While equine veterinary medicine lags behind its human counterparts when it comes to fully understanding a horse’s genome, there is a solid understanding of the many variations that can occur. Millions of people have undergone whole genome sequencing, yet in horses the numbers are in the thousands. “We’re starting to push the envelope because it’s so cost effective to sequence now,” says Dr. Finno of the evolving technology. “We can sequence the genome of a horse for right around $1,200 or even a little under, and the price keeps going down. It’s actually easy to get the information. But you need to correlate that information with what you’re seeing in the horse.” Having the genetic information in your hand as a veterinarian is one thing but knowing what to do with it and having the tailored therapies available is something different. “We know the disease, and we know the phenotype. If we can start to correlate the genetic differences with what we’re seeing in the horse in front of us, it will allow us to potentially intervene earlier for a better outcome.” Dr. Finno and fellow geneticists envision the day when there will be readily accessible panels, giving veterinarians the opportunity to quickly and cost effectively screen horses for certain variants in the genome, then act on that information with targeted treatments or changes to training, diet and environment. “There will always be certain things you can’t change, but at least you’re informed, and that will make it a lot easier to make adjustments to what we can change, like diet and how we manage these horses.”
The implications of a precision approach to patient care are far-reaching. “We’ve all had situations where we can give three horses the same dose of Banamine; one improves and their inflammation goes down, one sees no effect and one may go into renal failure or another awful complication develops,” says Dr. Finno as an example. “We’re left thinking ‘What happened? Everyone was hydrated. Everything else was the same. Why did one horse have such a hard time?’” The answer may lie in how that particular horse’s unique genetic makeup, or genome, influences its response to the medication. “This is the field of pharmacogenomics and how we’ll target drug dosages in the future,” explains Dr. Finno. What’s being explored is how researchers will take a horse or human’s genetic makeup, then tailor a dosage or drug protocol to what their individual body requires, rather than providing the standard dosage that prescribes too little for no effect or too much and a detrimental result. “We could design anesthetic (sedation) protocols that would be tremendously beneficial in practice,” says Dr. Finno. “We’ve all had the experience as veterinarians where we give what we think is a regular dose of the correct drug, and it pretty much knocks one horse out while it barely touches the next horse, even if they’re the same breed, height and weight. Pharmacogenomics is going to be incredible, not only for treating disease but for drug testing as well.” While some horses process drugs at a more normal or expected rate, others metabolize them more slowly in comparison, increasing the odds that they’ll test positive for a drug that was ethically administered within the allotted time period.

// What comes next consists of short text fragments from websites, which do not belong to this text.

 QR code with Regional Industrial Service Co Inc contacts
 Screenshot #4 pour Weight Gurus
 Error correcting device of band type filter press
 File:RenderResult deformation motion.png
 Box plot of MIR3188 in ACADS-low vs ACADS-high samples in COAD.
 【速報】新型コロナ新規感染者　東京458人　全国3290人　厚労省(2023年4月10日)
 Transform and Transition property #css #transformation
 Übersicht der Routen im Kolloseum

“(Precision medicine is) a way to tailor treatments because everyone is a little bit different at a molecular level. If we can tailor treatments to that individual based on their genetic makeup, the disease process and the pathway that’s going on in that person, we’re going to be so much more precise.”
— Carrie Finno, DVM, PhD, DACVIM, University of California, Davis
While sequencing a genome may lead to a treasure trove of valuable information, the next step is what is done with that data and how it is applied to make a real and measurable difference for the patient. There’s nutrigenomics — the study of the effects of food on gene expression and how genetic variations affect the nutritional environment — pharmacogenomics and a host of additional “omics” that come into play under the umbrella of a multiomics approach to patient care. Multiomics is a new approach where the data sets of different omic groups are combined during analysis.

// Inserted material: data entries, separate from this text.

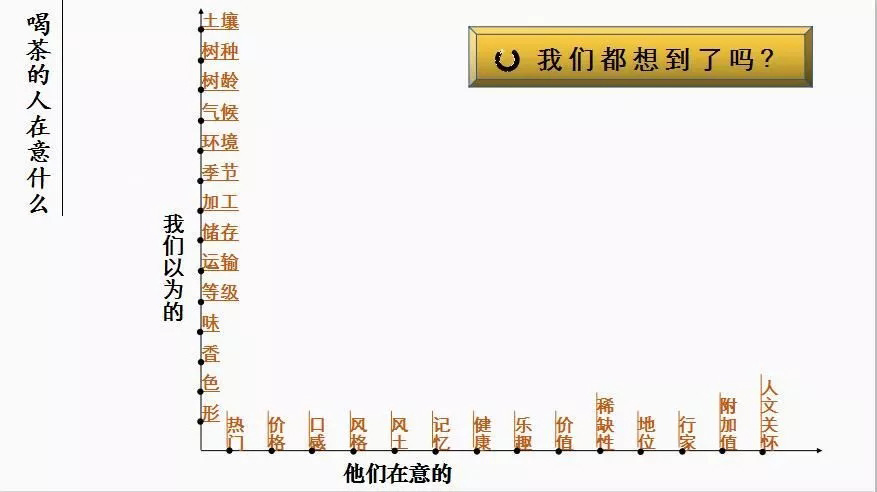 刘星星中国茶的人文思想讲座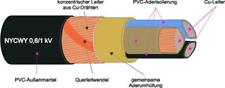 Kabel leitungen nycwy gebraucht kaufen  Laucha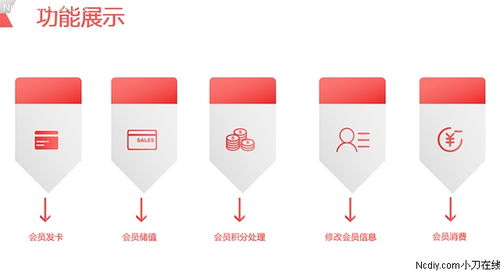 我期待的只有你新零售pos發(fā)版公告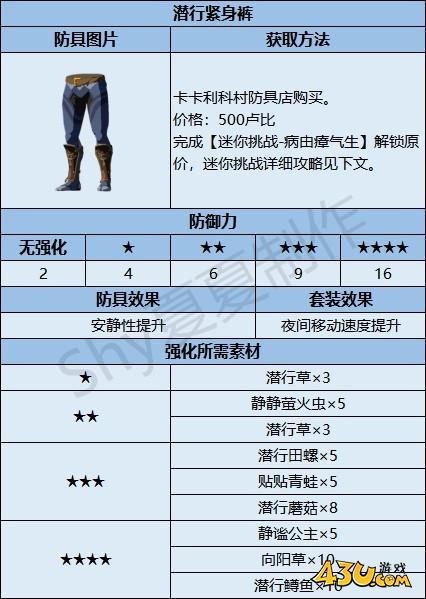 43u游戏攻略
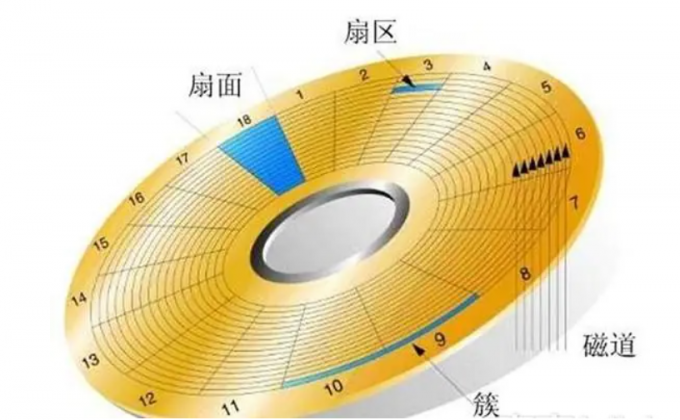 如何破解easyrecovery_破解wifi密码有什么办法_破解软件库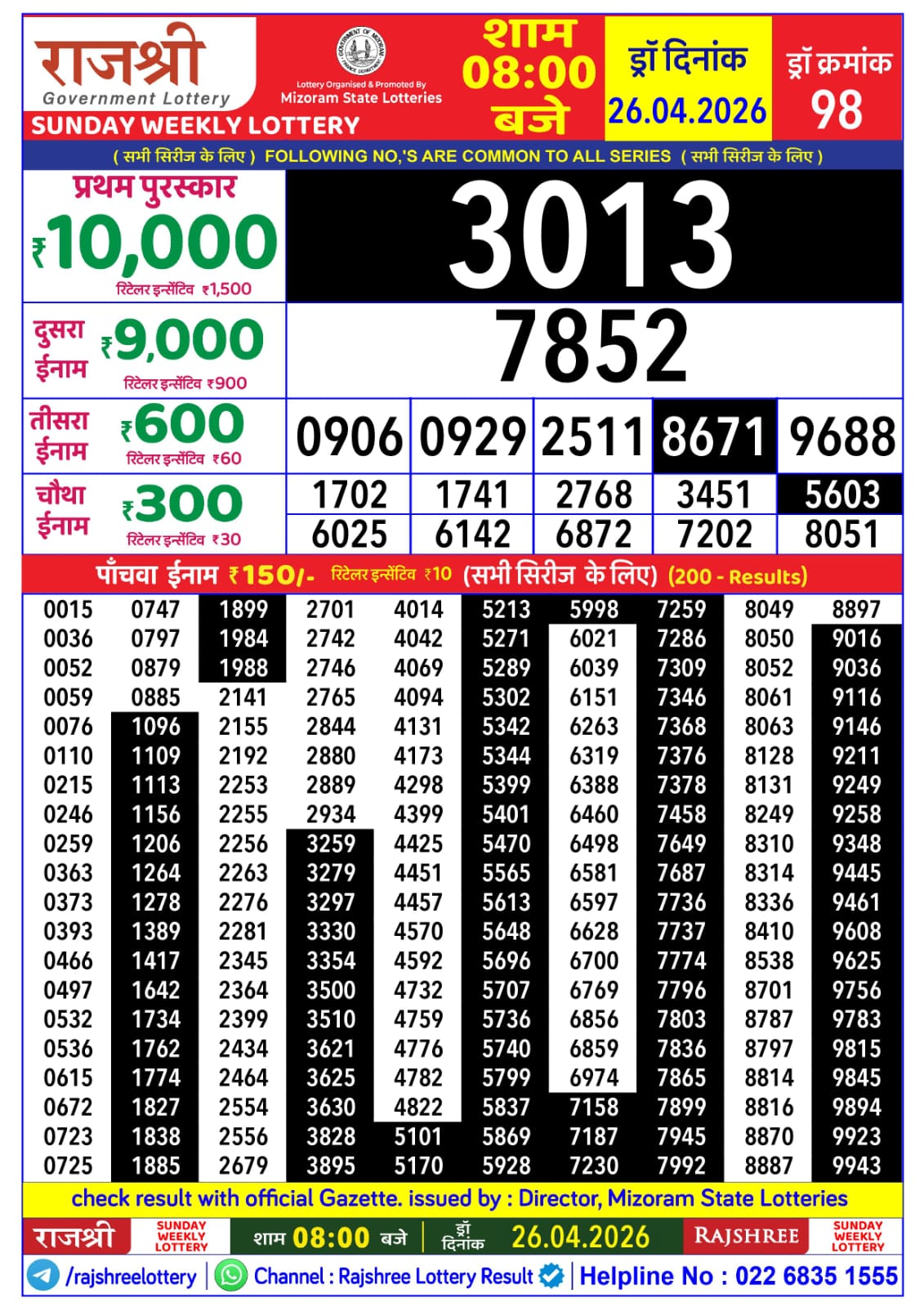 Today Lottery Sambad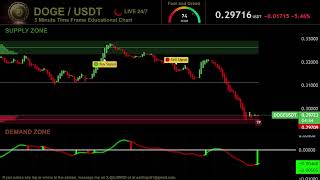 🔴 DOGE DOGECOIN Live Trading Signals DOGEUSDT Best Trading Crypto Strategy [upl. by Eydie892]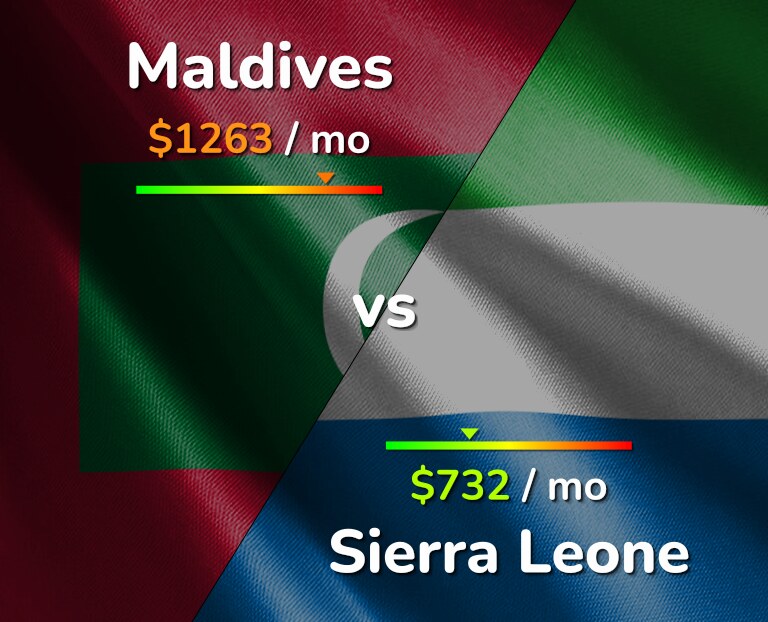 Cost of living in Maldives vs Sierra Leone infographic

How are these things contributing to more successful outcomes and what are veterinarians and their counterparts in human medicine projecting for the future? To illustrate that potential, Dr. Finno and her team at UC Davis launched the novel Pioneer 100 Horse Health Project, in collaboration with the university’s Center for Equine Health, in a curated research herd of 109 horses at UC Davis. The study was inspired by the Pioneer 100 Wellness Project at Seattle’s Institute for Systems Biology, led by Drs. Leroy “Lee” Hood and Nathan Price. This human study combined personal, dense, dynamic data clouds with tailored behavioral coaching to optimize wellness for individuals. Published in 2017, this original Pioneer 100 Wellness Project included whole genome sequencing, the analysis of blood, urine, stool and saliva samples and personal measurement of activity. From the personal, dense, dynamic data clouds that were produced for each participant, the research team conducted an integrated analysis that included correlation of whole genome sequencing results with measurements over time of proteins, metabolites, microbiome, clinical assays and lifestyle metrics.

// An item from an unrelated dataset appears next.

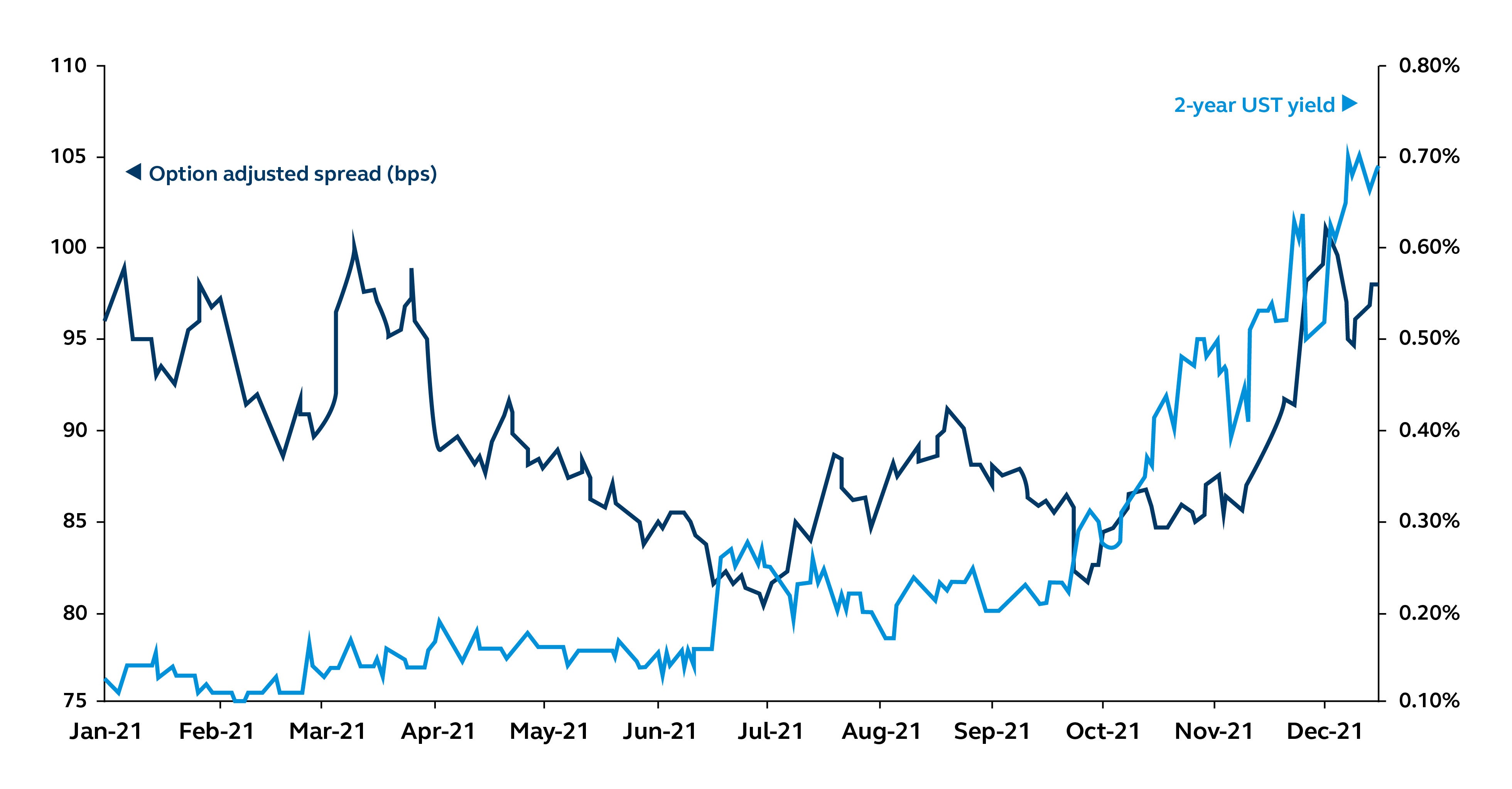 Credit spreads_Positioning for potential alpha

Participants were tracked, allowing researchers to begin to arrange the socalled puzzle. In the study, the group was observed over time and when some members inevitably developed disease, the research team dove into their blood, microbiome and genetic structure, attempting to pinpoint predictive biomarkers that were present and could have helped to identify that particular disease in its earliest stages, perhaps before it had the opportunity to become clinical. “We took that model, and we’ve now applied it to horses here at UC Davis,” says Dr. Finno of the Pioneer 100 Horse Health Project that could hold massive promise for veterinary medicine. “We use the teaching and research horses that live here at UC Davis,” she explains of the research herd involved in the study. “Each of the horses has complete medical records. We control their diet, and we know everything about them. We’ve sequenced their entire genomes and have also looked at their metabolomes and microbiomes by analyzing both blood and fecal samples over two seasons now. We have repeated these collections and analysis, and over time they’ve had things happen to them — a colic, for instance, a laminitis episode or maybe somebody has acquired Cushing’s disease or metabolic syndrome.” Dr. Finno and her team began correlating those acquired disease states and phenotypes with that horse’s multiomic data sets, including their microbiome, genome and metabolome. “The really cool thing is that we have a model from the human side,” she adds. Through the computational algorithms used in the original Institute for Systems Biology human study, the model has been set to form links between certain “omics” data and the health of these equine patients. Specifically, the team looks for correlations and the presence of biomarkers that act as indicators for disease. “For us, we see that a particular horse may be developing Cushing’s long before its ACTH level goes up, and maybe we can use a certain biomarker to track that horse and intervene earlier. That’s the big vision of the project.”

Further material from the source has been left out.